I never really grasped the idea of microcosms as infinite until the day I visited Kennedy Space Center about 30 years ago. My wife and I were standing in line for some demonstration, and I was quietly explaining something to my wife about what difficulties the astronauts have to deal with. I said something about "the vacuum of space" and a stranger standing next to us uttered indignantly, "there is no vacuum". I immediately realized my mistake, and said, "yes, you're right, but I meant relative to our atmosphere". That guy's assertion stayed with me, and I played it over and over in my head, realizing that there has to be ever-smaller particles that we can't detect, even in a so-called "vacuum chamber" or in the "space" between the stars.
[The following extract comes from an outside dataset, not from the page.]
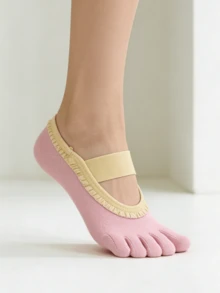 7双装春季甜美运动瑜伽普拉提蕾丝防滑带船袜 - 彩色 - 查看 4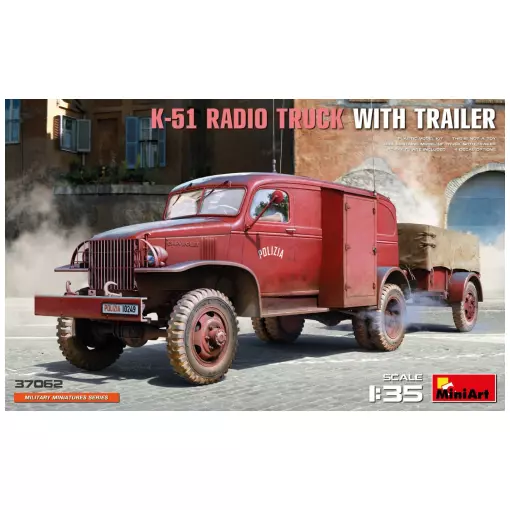 Radiografische vrachtwagen K-51 Chevrolet G506 met aanhanger om te monteren - Miniart 550049005 - 1/35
To say "relative vacuum" is almost as bad as saying "nearly infinite". It wasn't until "The Scientific Worldview" that I finally cohesively grasped the idea of the infinite macrocosm and infinite microcosms as a continuum.
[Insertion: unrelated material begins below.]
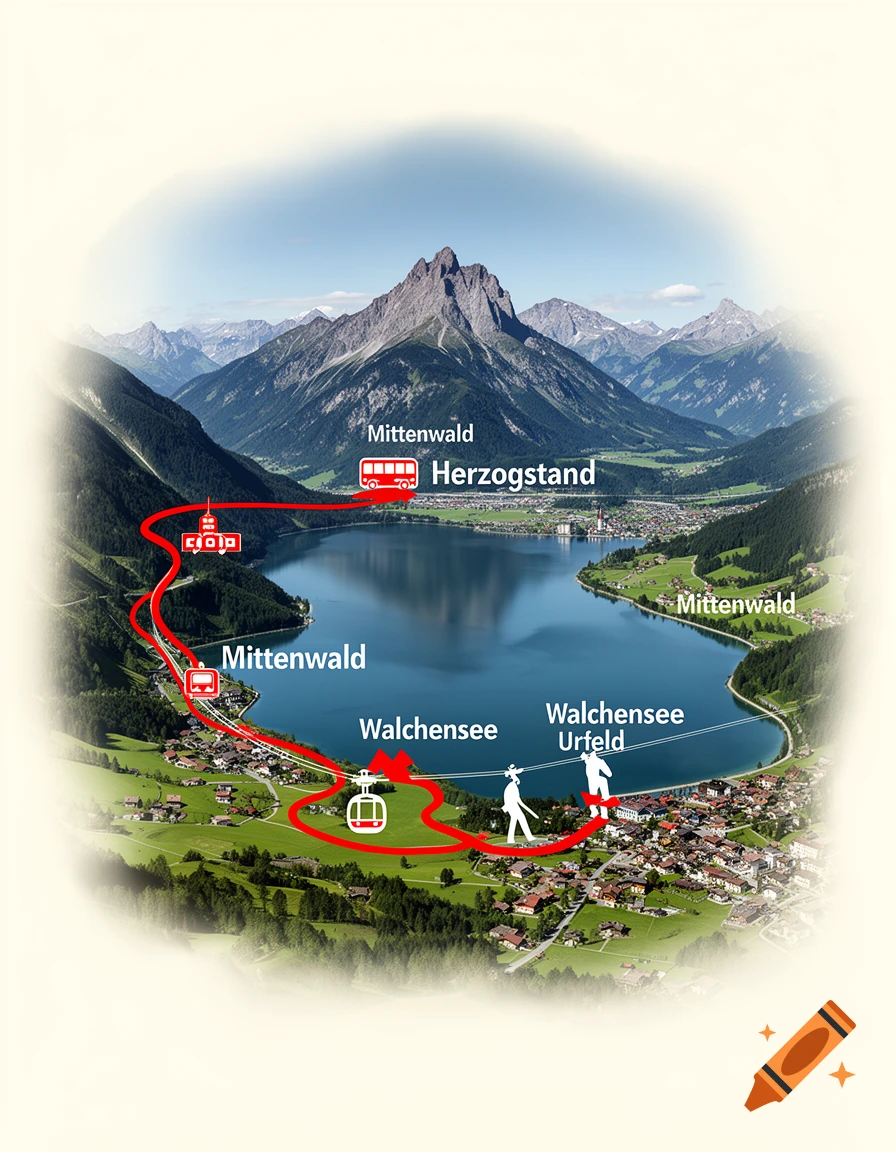 A scenic map of travel routes around a blue lake and green mountains, showing bus, cable car, and walking paths between towns like Mittenwald and Walchensee.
If the cosmos is infinite as we look outward, and if every microcosm is infinite as we look inward, that implies infinite layers of aether. (It also implies that our "local mega-vortex" is a speck of aether relative to a mind-bogglingly vast microcosm "out there".)

I thank the nuns for being boring. I thank that guy standing in line for being outspoken. And I thank Borchardt and Puetz for bringing it all together.